- TASK ITEM
Begin at the line below that holds "Lythrum 'Pink Promenade' - Vesszős füzény" and end at the line that holds "New Forest New York (solgt) billede 2", transcribing each line exactly and skipping any picture.

- MATERIAL FOR THIS TASK
****************

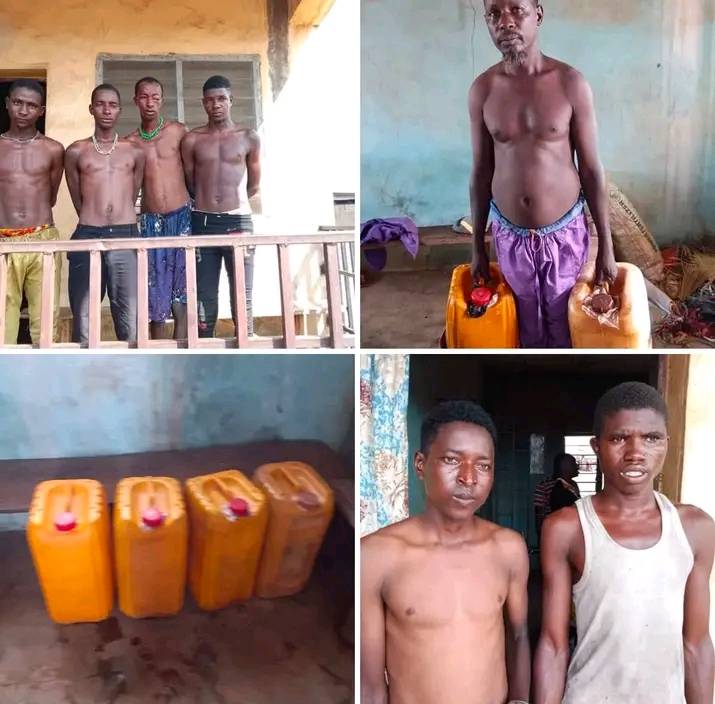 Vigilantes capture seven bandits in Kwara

****************

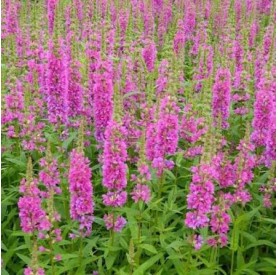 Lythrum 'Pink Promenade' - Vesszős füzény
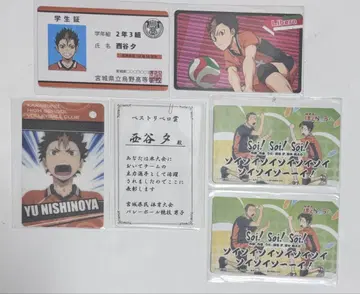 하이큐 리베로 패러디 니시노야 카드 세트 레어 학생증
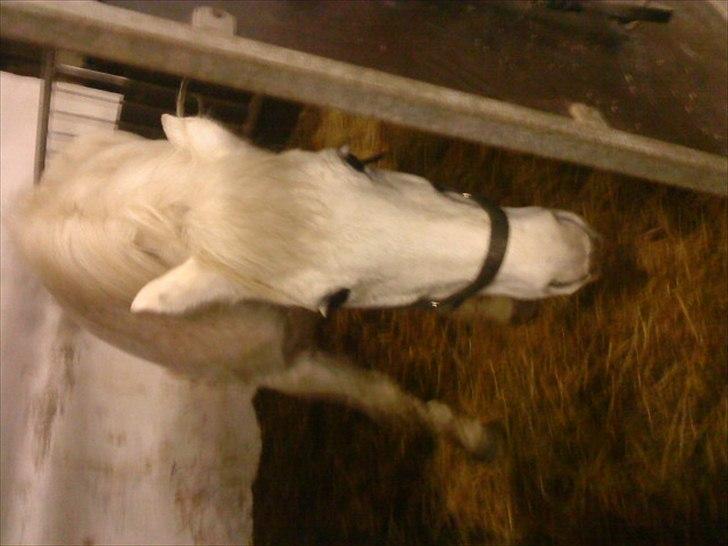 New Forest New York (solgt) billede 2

****************

- OUTPUT BELOW
 Lythrum 'Pink Promenade' - Vesszős füzény
 하이큐 리베로 패러디 니시노야 카드 세트 레어 학생증
 New Forest New York (solgt) billede 2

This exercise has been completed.